For Whitaker, 58, the development of sexual rights in the region is an
indicator of how far broad-based reform across the board has reached.
‘It’s the same with religion, where the sort of mentality that regards
homosexuality as the worst sin anybody has ever thought of also produces
all the stuff we see in Saudi Arabia about the way women are treated, or
the latest fatwa from Egypt banning people having statues in their houses.
It’s bonkers.’
In Lebanon, unlike Saudi Arabia and other Gulf states homosexuality has
become increasingly open. Whitaker’s experiences here of talking to people,
and with groups like gay rights organization Helem and their magazine Barra
who actively promote freedoms for homosexuals (www.helem.net), bear witness
to that.
‘Beirut is more open than anywhere else in the Middle East… That’s not to
say that there isn’t a lot of activity going on elsewhere, just that it’s
more furtive’, he says.
The Lebanese capital does have a very progressive gay subculture. There are
nightclubs, gay and lesbian DJs, writers, artists and even politicians. Yet
there are still numerous examples of intolerance as Whitaker recounts.
Ali, who fled his family at age 18, was beaten with a chair while at home,
imprisoned in his room for five days, locked in the boot of a car and told
by his older brother, ‘I’m not sure you’re gay, but if I find out one day
that you are gay, you’re dead. It’s not good for our family and our name’.
Despite such incidences Beirut was still the place to launch ‘Unspeakable
Love’ says Whitaker and the proof is in the media coverage albeit more in
the French and English language press than the Arabic.
It is the first book in any language to deal accurately without distorted
information on the subject. For Western readers it will be an eye-opener.
For young gay people in the Arab world it will provide a wealth of human
experience with which they can identify and know they are not alone. And
Saqi have confirmed that the book will come out in Arabic by the end of the
year – a bold and important step that may cause controversy but will
certainly highlight the backwardness and hypocrisy of many Arab societies.

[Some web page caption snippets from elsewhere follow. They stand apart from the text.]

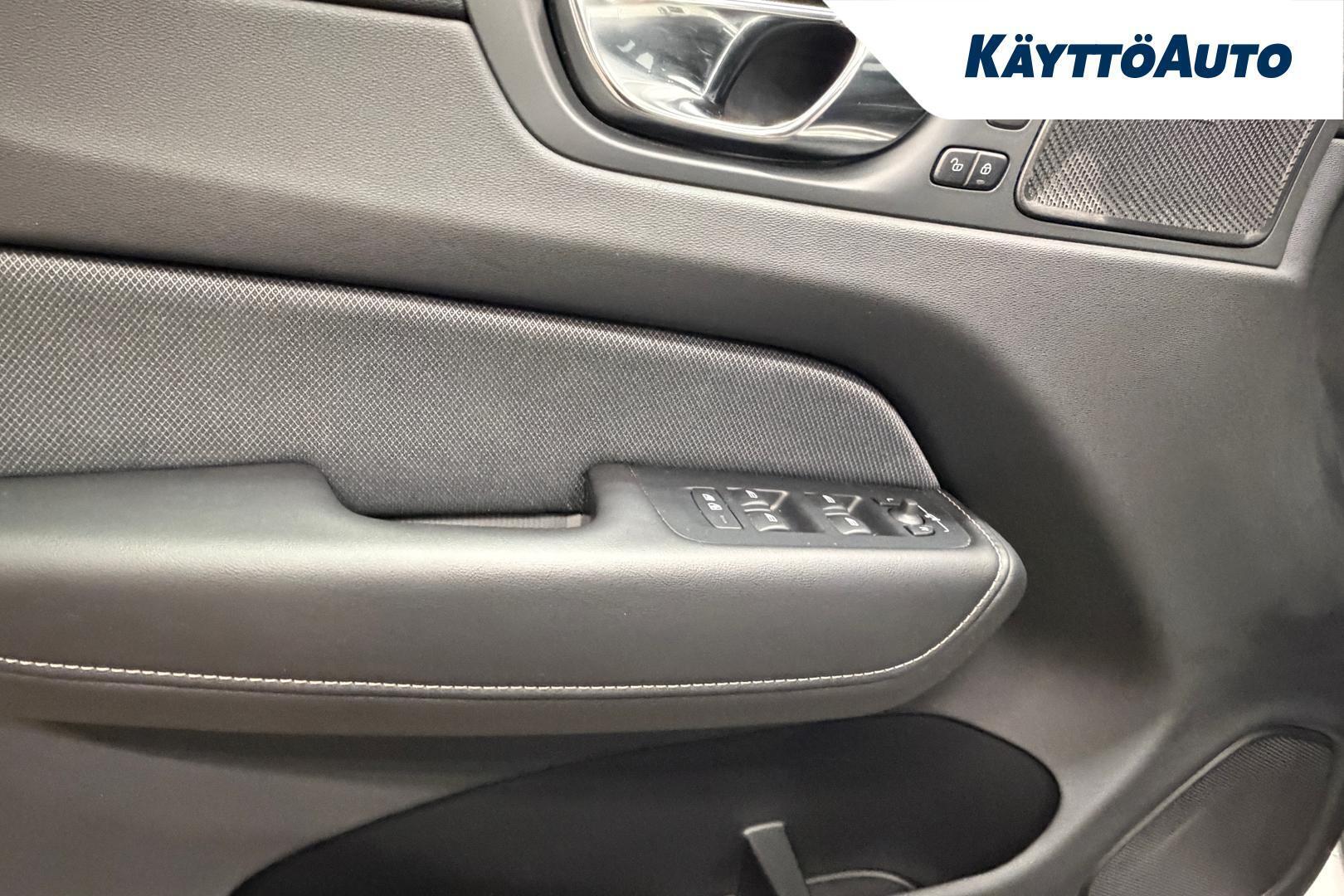 VOLVO XC60 2021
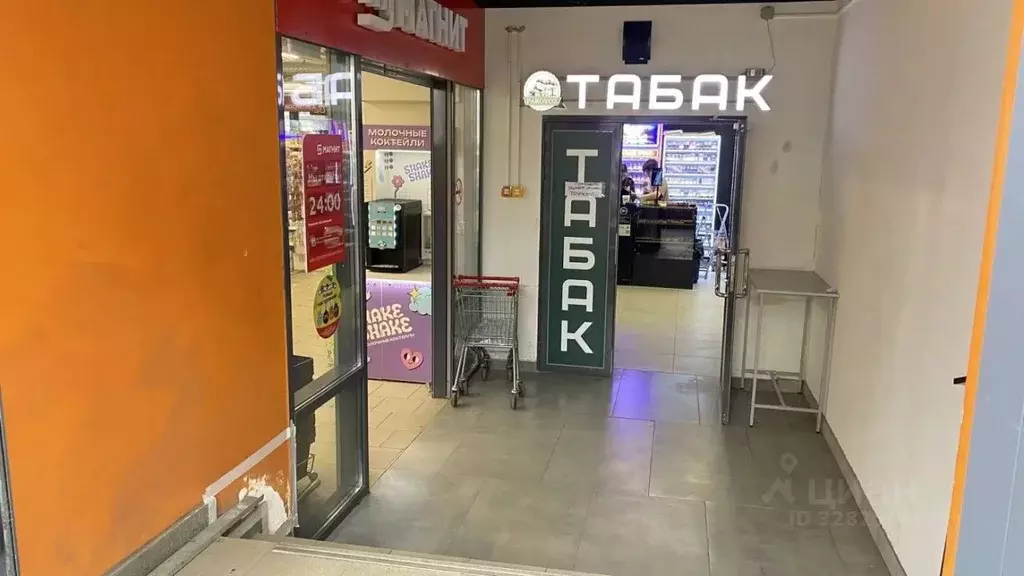 Торговая площадь в Санкт-Петербург Дачный просп., 17К2 (17 м) - Фото 1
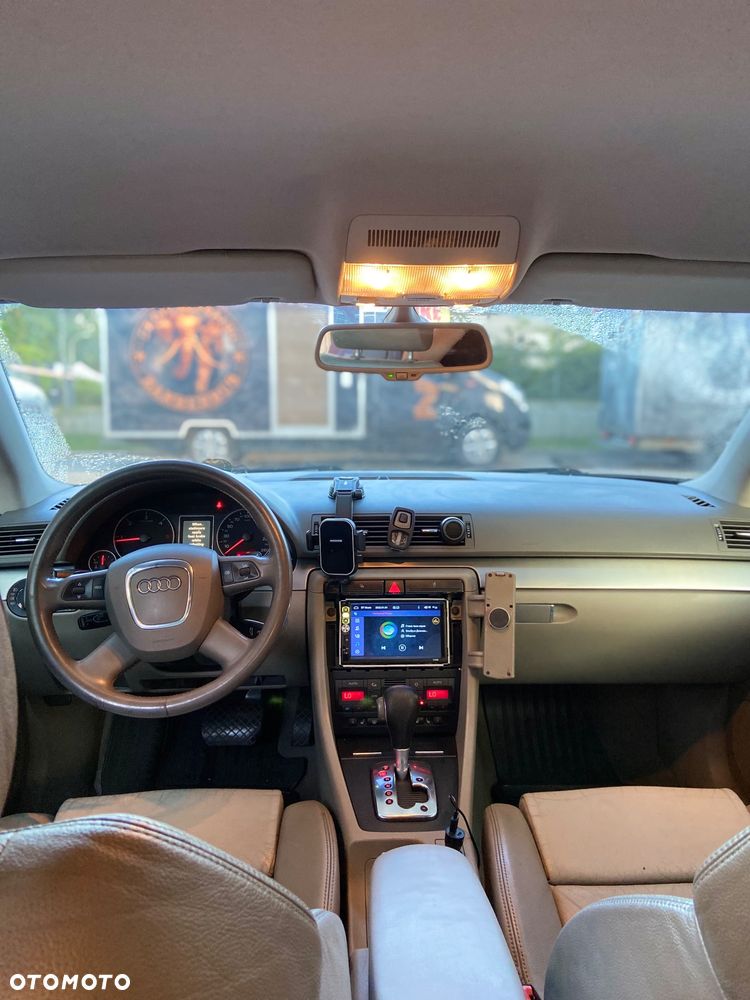 Audi A4 Avant - 9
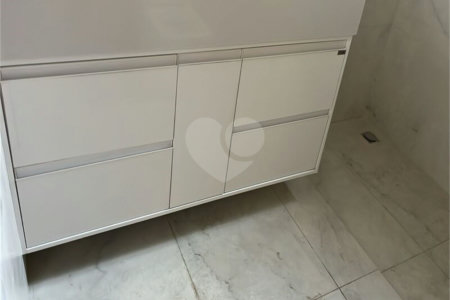 Indaiatuba - Condominio Jardins di Roma - Venda -Locação 0 R$ 10.000,00 mais encargos - condominio - R$ 650,00 - IPTU - R$ 230,00 - Terreno 300ms - construido 170 metros quadrados - Terrea - 3 quartos, uma suíte e uma demi suite , 4 banheiros , piscina - Preparado para água quente até a piscina!!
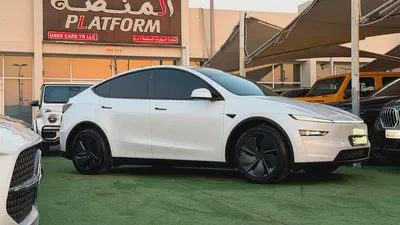 Tesla Model Y Long Range 2025 | GCC Specs | Original paint | under warranty-0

As Whitaker recounts in ‘Unspeakable Love’ even the Arabic terminology for
homosexuality is not finalised. The Arabic language has no term for the
word ‘gay’. ‘Homosexuality’ translates as al-mithliyya al jinsiyya or
literally ‘sexual sameness’. Mithli has begun to be used by gays to
describe themselves but the popular media still uses the rather more
negative term shaadh meaning ‘queer’ or ‘pervert’.
‘I want people in the West to understand from this book that sexual rights
need to be part of reform and democratisation’, he explains. ‘And I want to
address the Arab reformers in the Middle East to say that okay, you want
democracy but you cannot ignore this subject.

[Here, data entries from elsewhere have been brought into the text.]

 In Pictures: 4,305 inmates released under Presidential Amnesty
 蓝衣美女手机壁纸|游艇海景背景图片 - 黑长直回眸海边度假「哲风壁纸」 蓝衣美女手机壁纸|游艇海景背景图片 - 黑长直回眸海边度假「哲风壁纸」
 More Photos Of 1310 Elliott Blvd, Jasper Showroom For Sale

‘For me ‘Unspeakable Love’ will have succeeded if I never have to write
about this issue again. I hope that other people will take it up here. I
have a feeling that this is a beginning and that maybe in five years young
Arab journalists will see this is a sexy subject to get into and something
that is good for their career, something that is fairly radical to
investigate or write about.
‘And when that happens I think we’ll start seeing a few changes.’